GRITTY BLISS "I don't know what it is, but I need to make a lot of noise on stage," says Jen Johnson of Velah. "It never has to be pretty."
Last year was many things for many people, but 2011 as a whole just wasn't much fun for former Static of the Gods vocalist/guitarist Jen Johnson. Three personal setbacks clouded the classically trained vocalist's year: her mother suffered a brain aneurysm shortly after Mother's Day; her grandfather passed away; and in October, her band of the past five years — and the only one she's ever called her own — suddenly imploded.
Genre-defying rock trio Static of the Gods had just wrapped up a four-date East Coast tour with AM & Shawn Lee, and returned to Boston running on empty. Johnson, in particular, had hit a wall, emotionally and creatively, after spending much of the year back home in Stockton, California, tending to her mother's gradual recovery. "The feeling was mutual, the switch just flipped," Johnson says by phone. "It was time to be done, and it all happened really fast."
A thunderous trio with a sound much larger than their individual parts, Static of the Gods left behind many things: two critically lauded full-lengths (2007's Cycles Follow Signs and 2010's Knowledge Machine), two over-stuffed EPs (Peluche in 2010 and last year's The Midnight Fires), and a messy trail of media ink from journalists and bloggers trying to aptly describe an expansive sound that was essentially simple pop saccharine wrapped in overlapping layers of shoegaze, reverb, and ambient noise.
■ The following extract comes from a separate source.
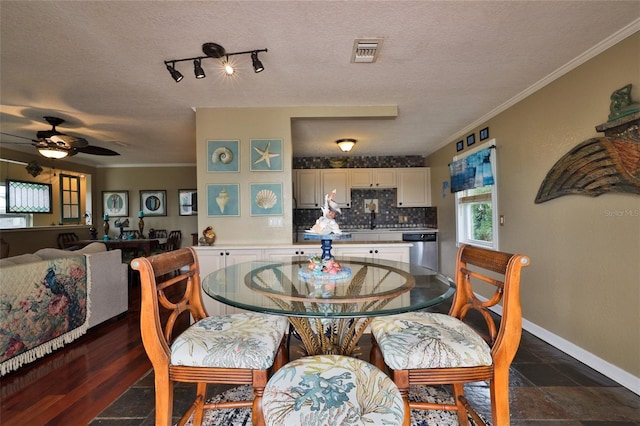 tiled dining space with ceiling fan, a textured ceiling, and crown molding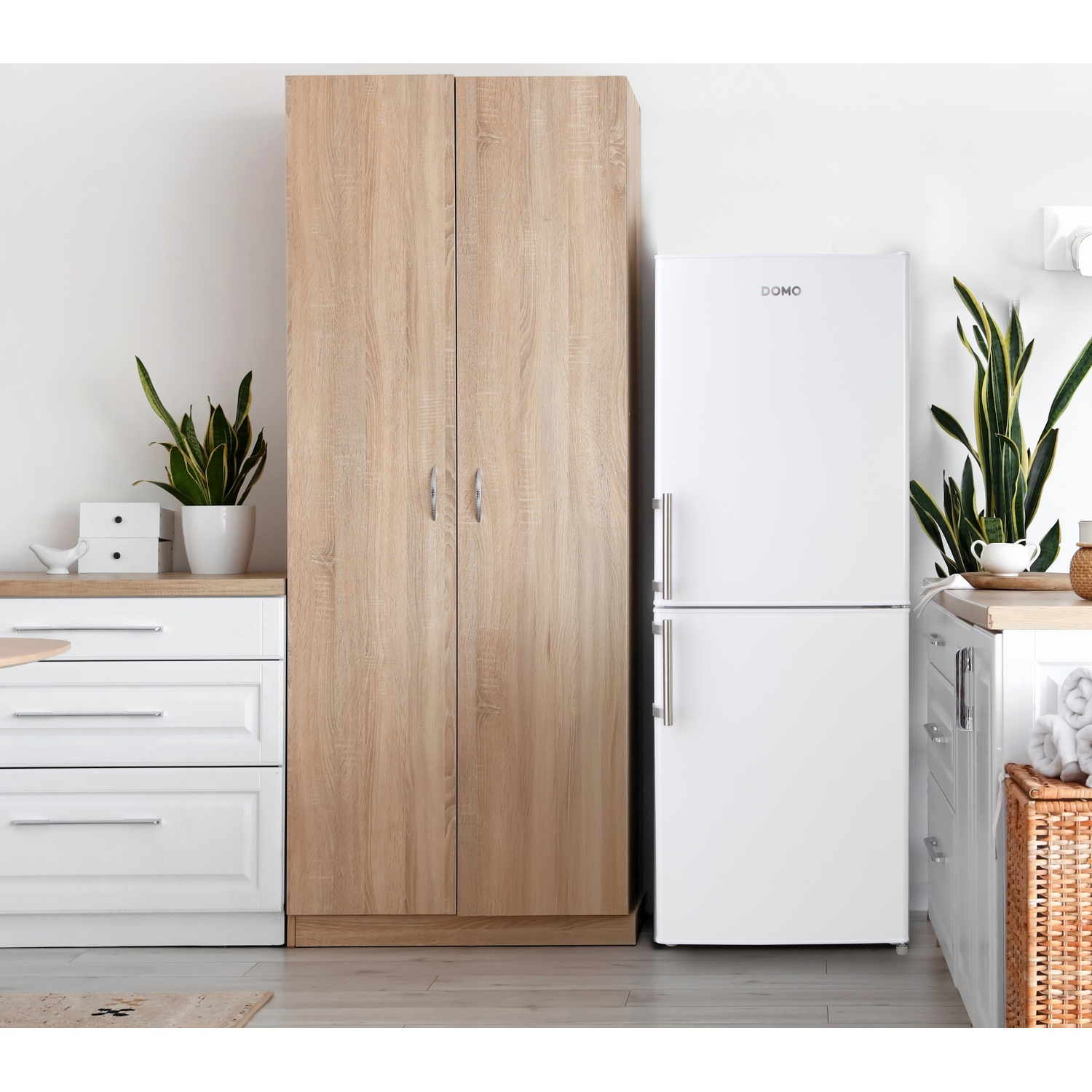 Un meuble de cuisine en bois à côté d'un réfrigérateur blanc avec des plantes.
There was no farewell show, no grand finale. Static of the Gods played the Rock 'n' Roll Rumble in April, then released The Midnight Fires the following month, enlisting a host of Boston musicians to fill in for Johnson while she was on the West Coast. "That caused a lot of stress for everybody," she admits.
By year's end, Johnson had wiped her musical slate clean. Once enrolled in Cambridge's Longy School of Music to study classical composition, her commanding voice in Static of the Gods always wrestled, in harmony, with the blazing onrush of sounds from drummer (and husband) Mike Latulippe and bassist Ben Voskeritchian. "I don't know what it is, but I need to make a lot of noise on stage," Johnson says. "It never has to be pretty."
In December, a late-night acoustic jam session with the Acre's Nick Murphy unexpectedly relit the creative spark. Latulippe joined in on drums and Murphy's bandmate in the Acre, multi-instrumentalist Danny McNair, came on board to round out the fledgling pop quartet they named Velah. "The four of us got together a couple of times, and in a few practices already had three songs," Johnson says. "It was a lot more flexible, more textured . . . more about setting moods, setting scenes. But this band has a doppelganger — in an alternate universe Velah would be a noise band."
That alternative universe isn't so far. Standout jam "Wanderlust" is a shimmering post-punk romper fit for underground radio, while "Glass Heart" carries a slow-building, atmospheric roll into blissed-out rock fervor. "Calm Down" is a prickly, but confident, alt-rock number with Murphy taking the vocal lead, a move Johnson welcomed after providing the sole voice in Static of the Gods.